## [What you will do]
Each line below from the "The rear exterior" line through the "uma estrada com" line, those two included, must be restated word for word; the pictures must not be.

## [Data supplied]

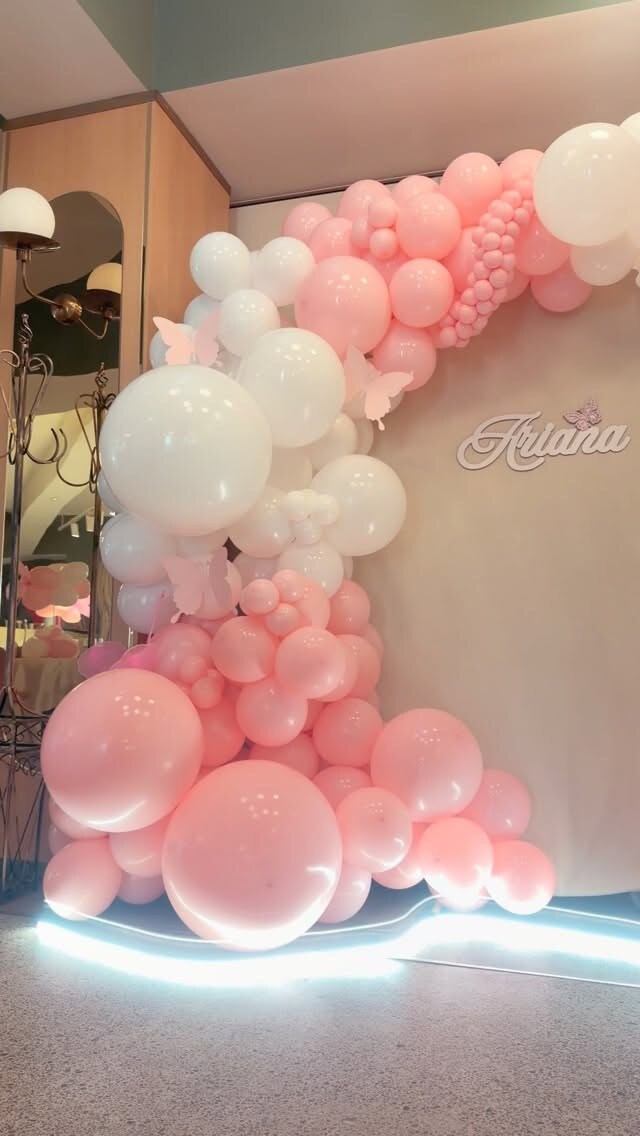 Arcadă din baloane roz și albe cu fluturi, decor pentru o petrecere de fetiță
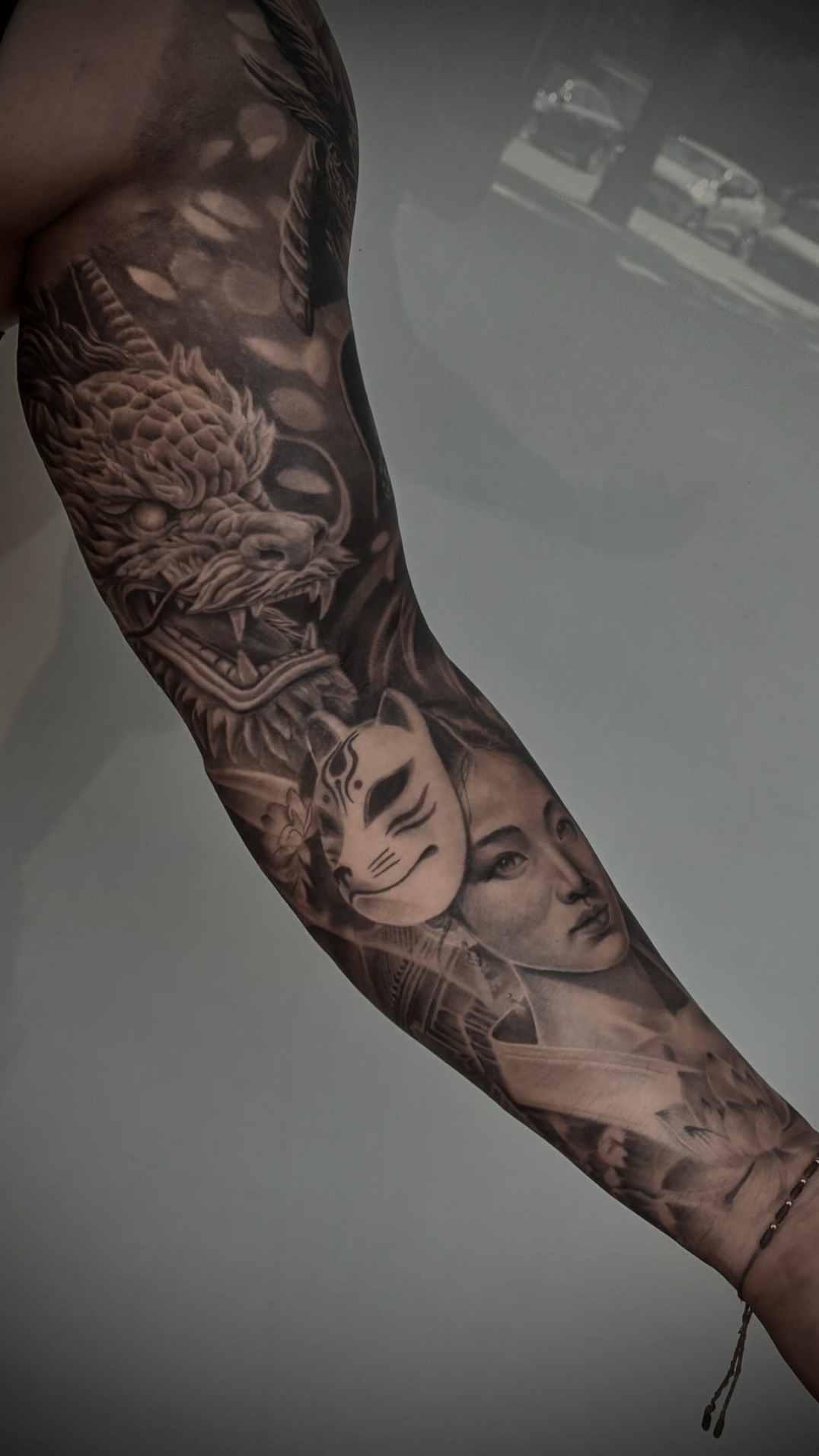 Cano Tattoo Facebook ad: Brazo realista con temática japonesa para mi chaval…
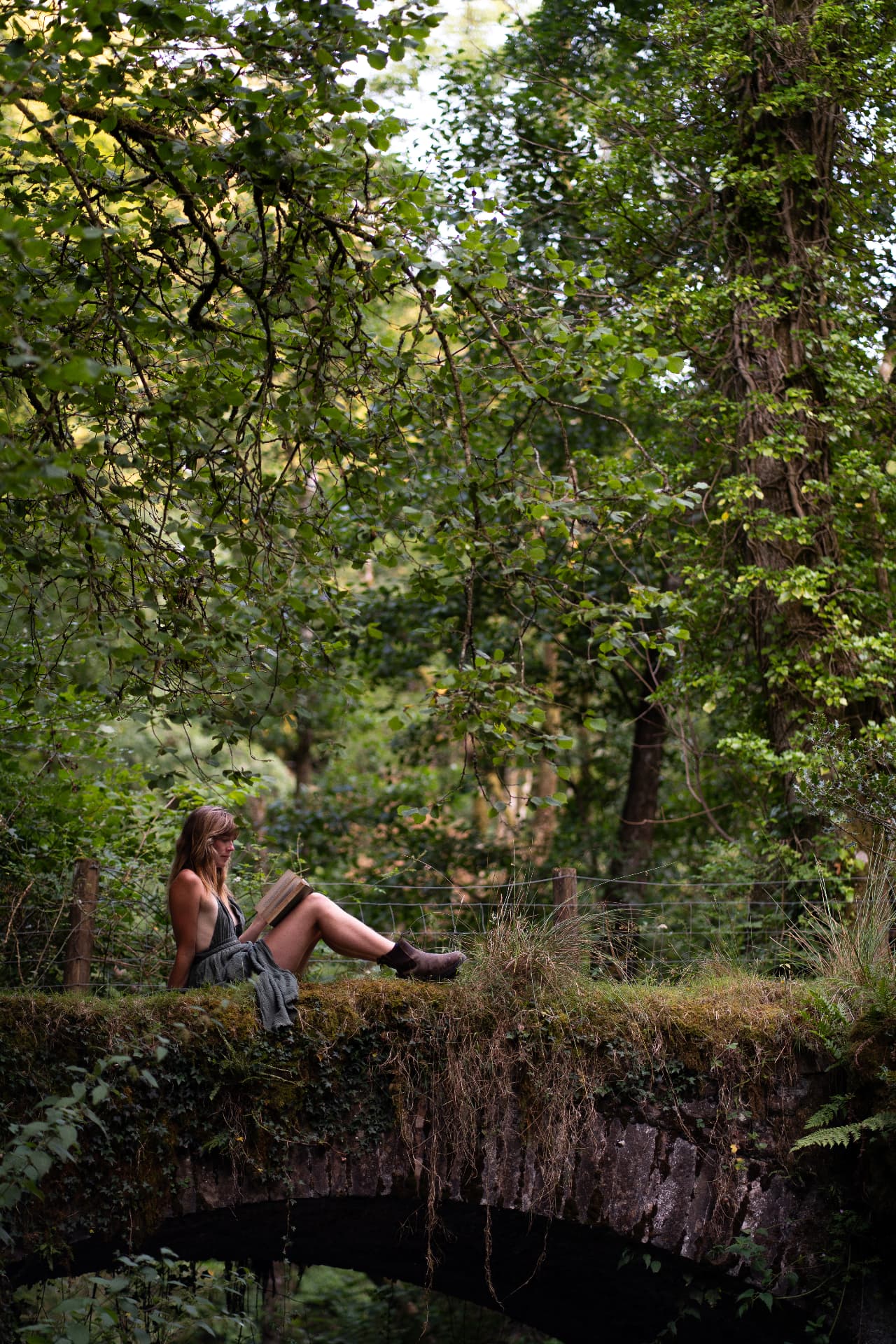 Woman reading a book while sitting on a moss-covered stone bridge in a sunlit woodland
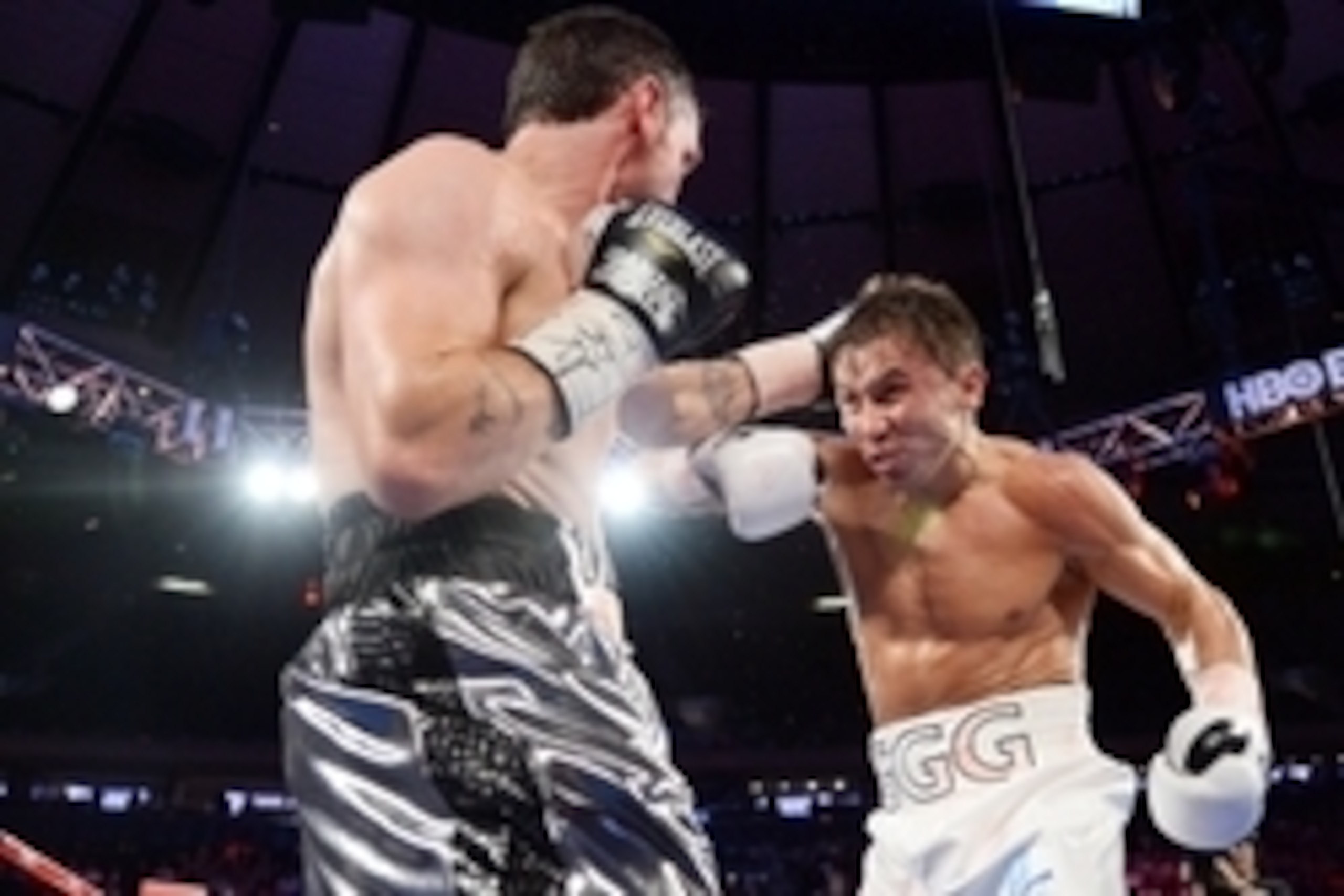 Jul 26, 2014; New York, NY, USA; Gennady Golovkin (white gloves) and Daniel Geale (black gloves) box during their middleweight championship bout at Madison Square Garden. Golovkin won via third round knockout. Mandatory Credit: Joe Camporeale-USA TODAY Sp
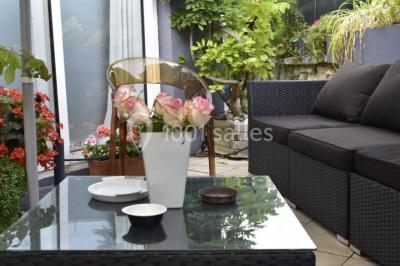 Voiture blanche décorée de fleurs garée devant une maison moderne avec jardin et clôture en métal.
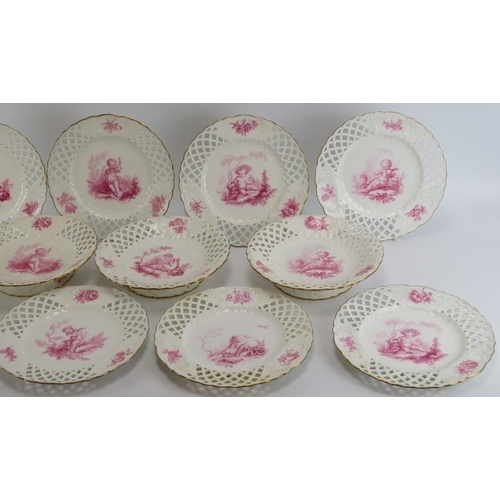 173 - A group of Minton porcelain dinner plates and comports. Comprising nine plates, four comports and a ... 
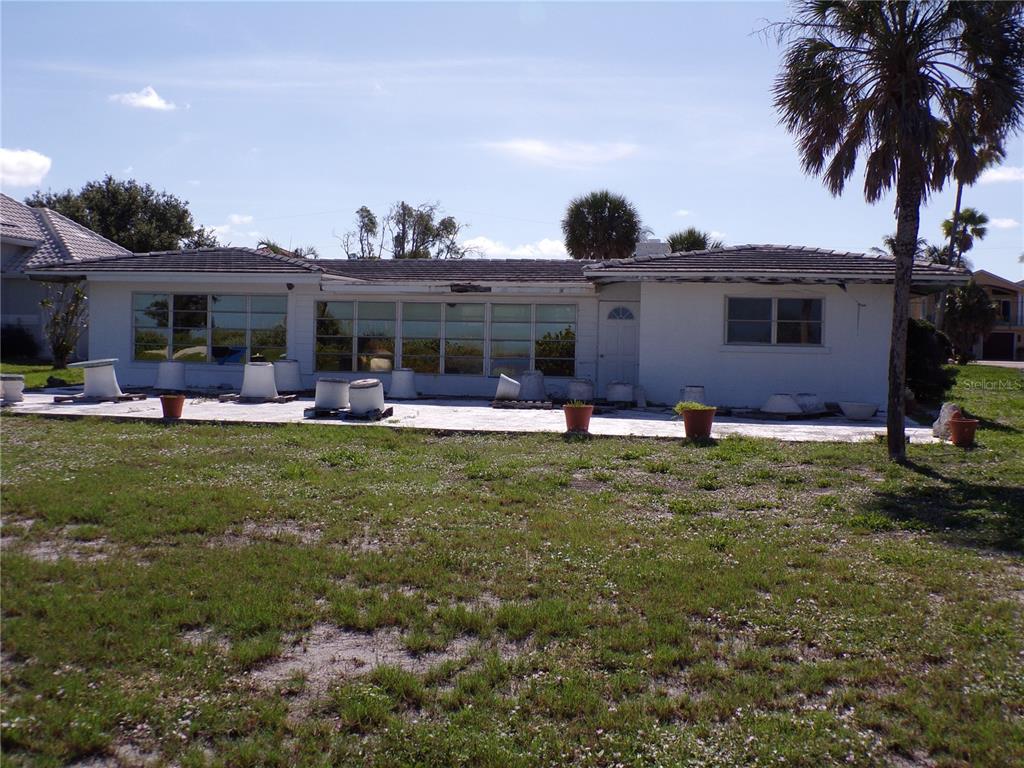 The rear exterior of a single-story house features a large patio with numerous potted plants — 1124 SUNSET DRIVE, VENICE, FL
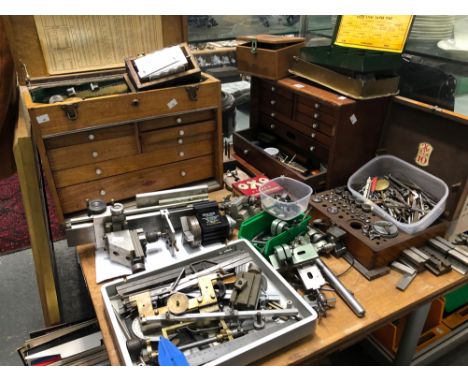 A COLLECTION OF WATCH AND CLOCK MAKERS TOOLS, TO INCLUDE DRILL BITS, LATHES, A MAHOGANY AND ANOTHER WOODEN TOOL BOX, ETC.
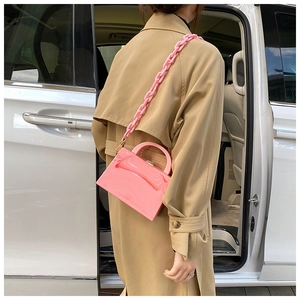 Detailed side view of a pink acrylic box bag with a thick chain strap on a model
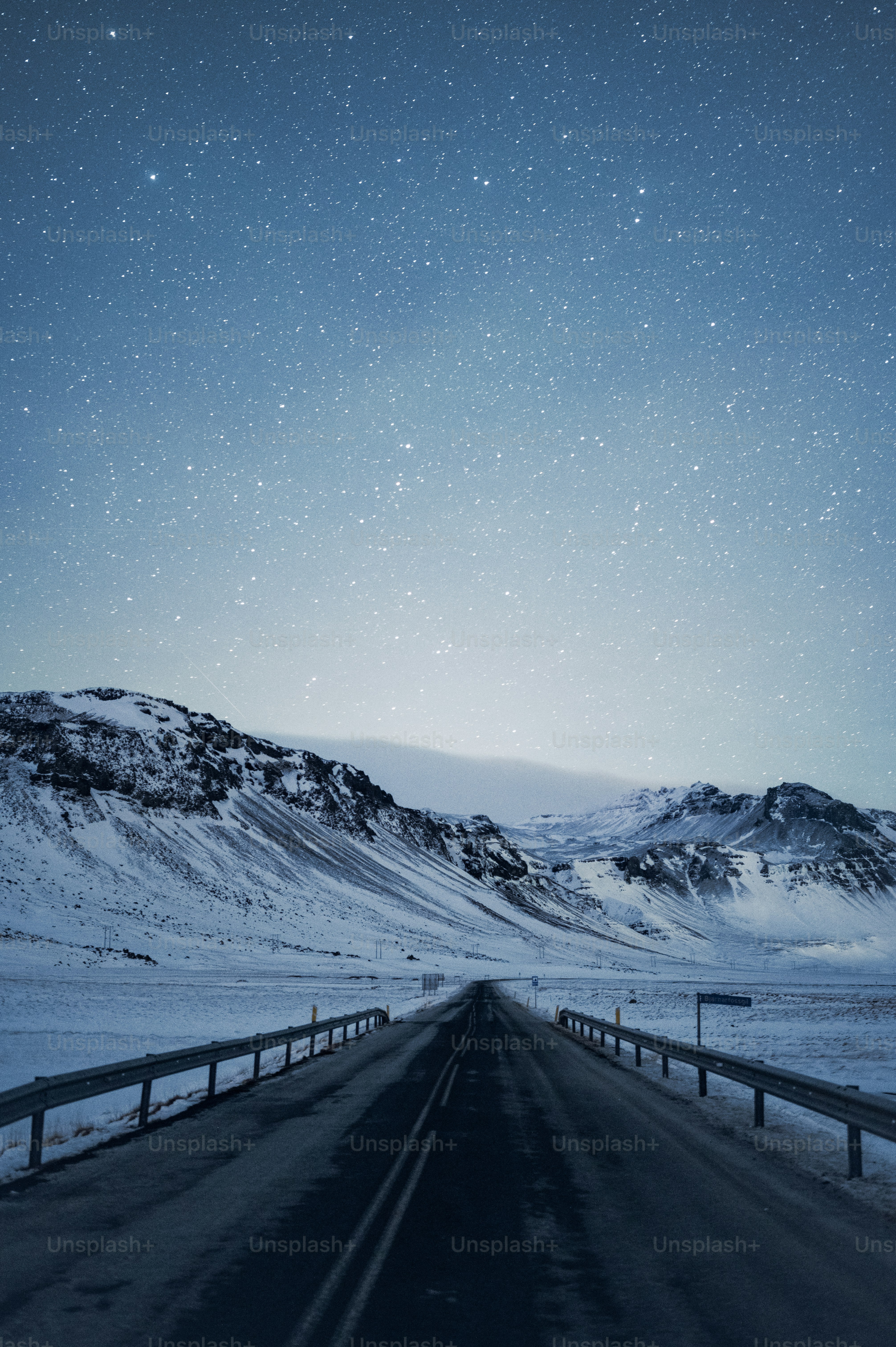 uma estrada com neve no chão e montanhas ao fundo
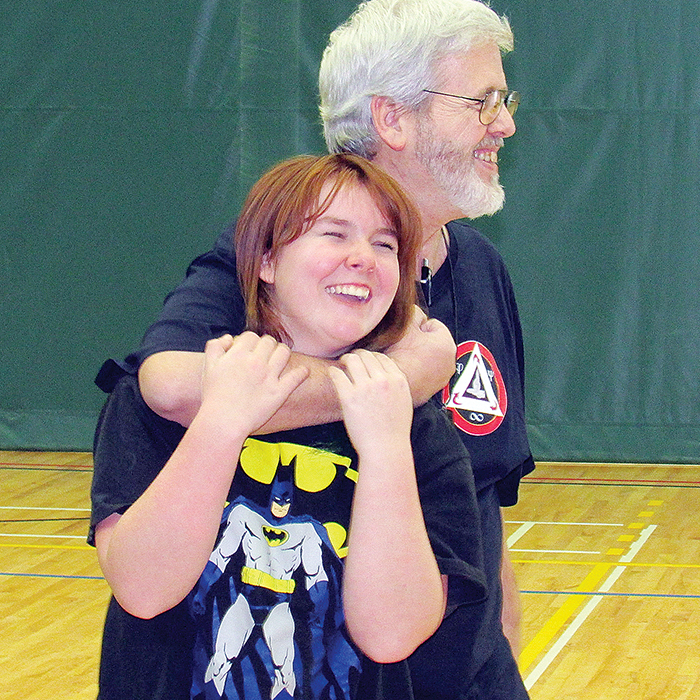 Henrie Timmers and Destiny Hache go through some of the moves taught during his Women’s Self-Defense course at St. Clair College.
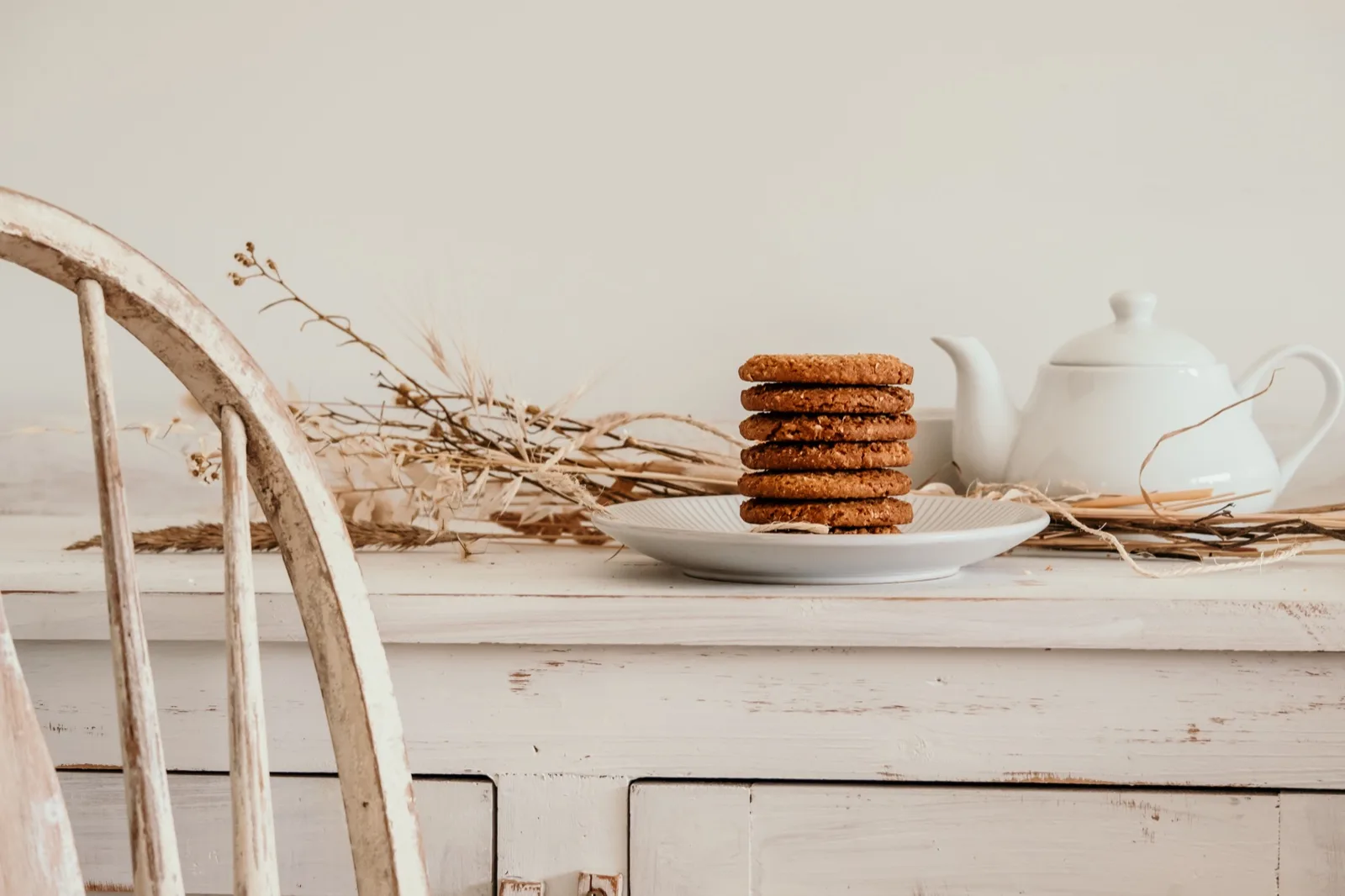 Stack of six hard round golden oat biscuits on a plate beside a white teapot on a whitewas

## [Response box]
 The rear exterior of a single-story house features a large patio with numerous potted plants — 1124 SUNSET DRIVE, VENICE, FL
 A COLLECTION OF WATCH AND CLOCK MAKERS TOOLS, TO INCLUDE DRILL BITS, LATHES, A MAHOGANY AND ANOTHER WOODEN TOOL BOX, ETC.
 Detailed side view of a pink acrylic box bag with a thick chain strap on a model
 uma estrada com neve no chão e montanhas ao fundo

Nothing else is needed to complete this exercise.